Abstract: Using Redis to achieve room business management practice and thinking.

Article | namely constructs the business backstage development team

In some interactive scenes, such as voice chat rooms, e-commerce live broadcasting, etc., interactive functions such as member control, connecting the mic, offering flowers, and sending bullets are usually required to store and manage the data of the room and the members in the room.

Then how to organize, store and operate these data to complete the established business, and at the same time to ensure data consistency between the server and the client, is one of the problems to be considered in the business background to realize such audio-video interactive scenes.

RoomKit, as a new low-code Engagement Platform (LCEP) product launched by Architecture Technology, highly abstracts the general capabilities of audio and video calls, whiteboard graffiti, file presentation, real-time messaging and other functions. The module functions can be assembled arbitrarily. Users can build multiple business scenarios with low/zero code. Therefore, in the background logic of Roomkit, room data management, as a core part of the business, runs through the whole development process.

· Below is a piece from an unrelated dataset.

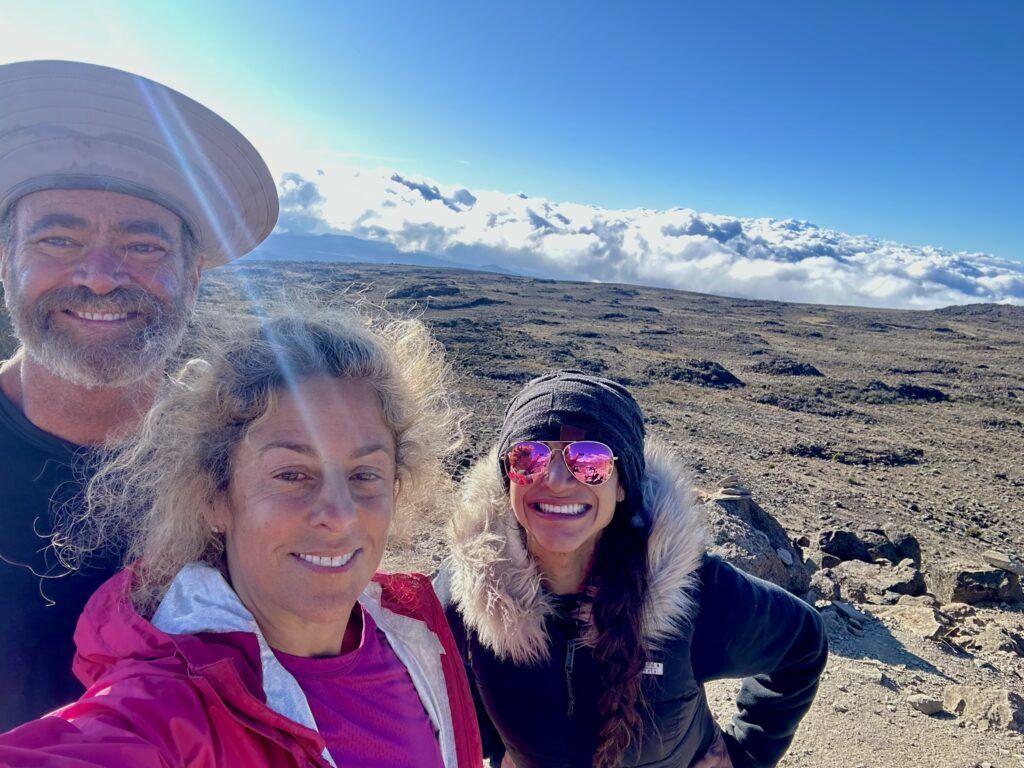 A man and two women are posing for a picture on top of a mountain.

As a high-performance KV database, Redis is widely used in background development. We also use Redis for room data management in the background of Roomkit.

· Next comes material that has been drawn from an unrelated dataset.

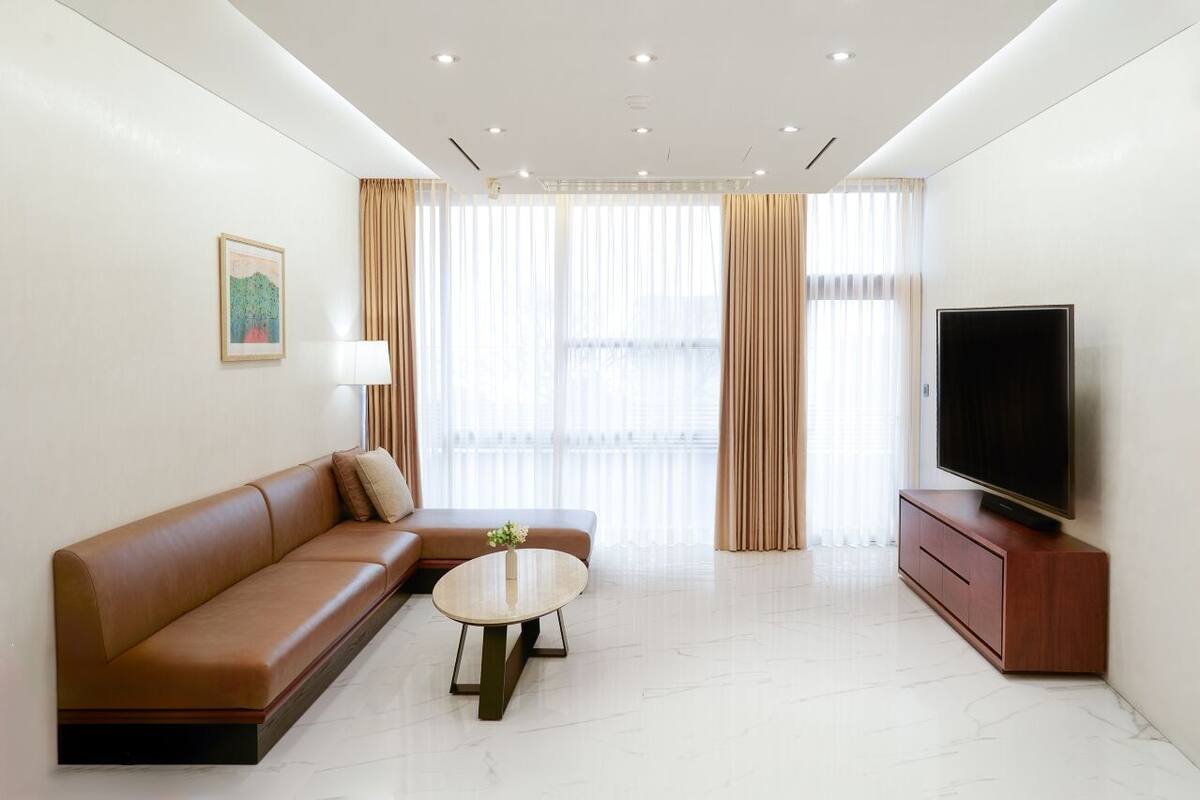 A modern living room with a brown leather sofa, a round coffee table, a flat-screen TV on a wooden cabinet, and large windows with sheer curtains.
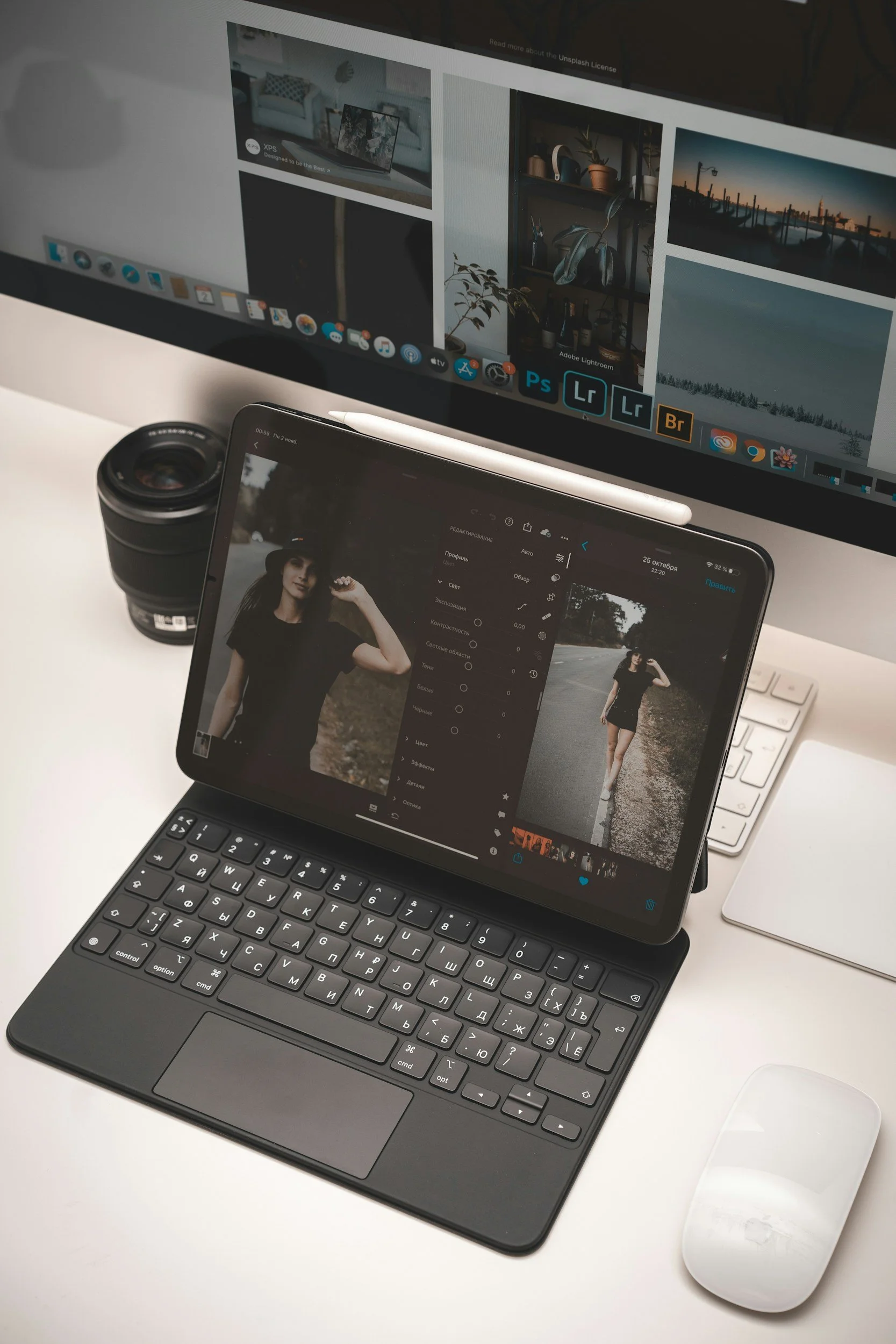 A workspace with a computer monitor displaying photo editing software, a tablet with a photo of a woman in black, a camera lens, a wireless keyboard, and a mouse on a white desk.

In this paper, we will take a look at the technical difficulties and solutions encountered by the construction background development team when implementing the business with Redis. Readers can also refer to this article to solve similar problems encountered when implementing their business with the Construction aPaaS layer.

I. Introduction of Roomkit background

1. Division of functional modules

Based on the business logic, RoomKit divides the code into two modules: a room control module and a function plug-in module. The functions of these modules are described in detail below.

  • Room control module

The room control module is mainly used to manage the room list, the room state and the state interaction of the members in the room.

RoomKit applies to a variety of scenarios, such as large class, live broadcast, small class, video conference and 1V1, but these scenarios can be actually divided into quasi-video conference scenarios and quasi-live broadcast scenarios.

The logical focus of the two scenarios is different. In a video conference-like scenario, there are relatively few participants, but the interaction between members is frequent. However, the number of participants in the quasi-live broadcast scene is generally large, but the interaction between the anchor and the audience is relatively small. Based on this standard RoomKit background divides the room control module into two sub-modules. Irrelevant to the topic of this article, the description is not expanded here.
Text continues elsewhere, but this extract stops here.